La antaño todopoderosa Rusia acaba de cambiar de dirigente y el nuevo inquilino del Kremlin, Vladímir Putin, despierta de momento más recelos que confianza. Antiguo agente del KGB, delfín de Yeltsin, joven e inflexible, el actual presidente ruso en funciones ha resumido su proyecto así: «Rusia debe levantarse apoyándose en la tradición, la historia y la religión». Lo malo es que la tradición y la historia de este enorme país nos hablan indefectiblemente de dictadores, miseria, guerras interminables y un ansia casi enfermiza por la disciplina y el poder.

Hoy esa inmensa nación no presenta mejor cara que diez años atrás. El salario medio apenas alcanza las diez mil pesetas, más de la mitad de la población vive por debajo del nivel de supervivencia, la mafia controla cuarenta mil empresas y más de quinientos bancos, hay censados diez mil grupos criminales, casi nadie paga impuestos, la esperanza de vida es de 55 años, más de dos millones de niños han sido abandonados y dos de cada tres embarazadas abortan.

Ese es el país que hereda un hombre que ya ha manifestado su predilección por un Estado fuerte "como el que añoran los nostálgicos de la antigua URSS" y su intención de regresar al viejo estatus de gran potencia militar. De ahí que sus primeras medidas hayan sido la llamada de los reservistas a filas, la implantación de la enseñanza militar en el bachillerato, las presiones a la prensa y el control policial del Ejército.

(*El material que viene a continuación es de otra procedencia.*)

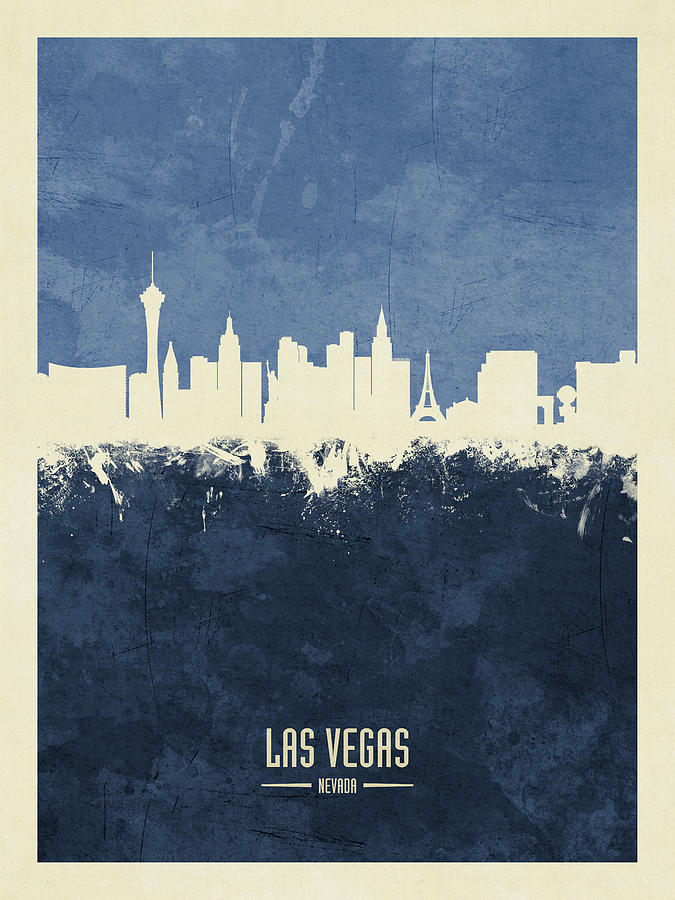 Las Vegas Nevada Skyline #16 Digital Art by Michael Tompsett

Ante estos hechos, la mayoría de los países le ha felicitado por su ascenso y le ha pedido que ahonde en la democratización del país, aunque se percibe cierto temor a la llegada de un Estado policial a una nación que continúa sosteniendo un importantísimo arsenal nuclear y que ha demostrado su ciega determinación en un conflicto como el de Chechenia, que ha dejado 130.000 muertos.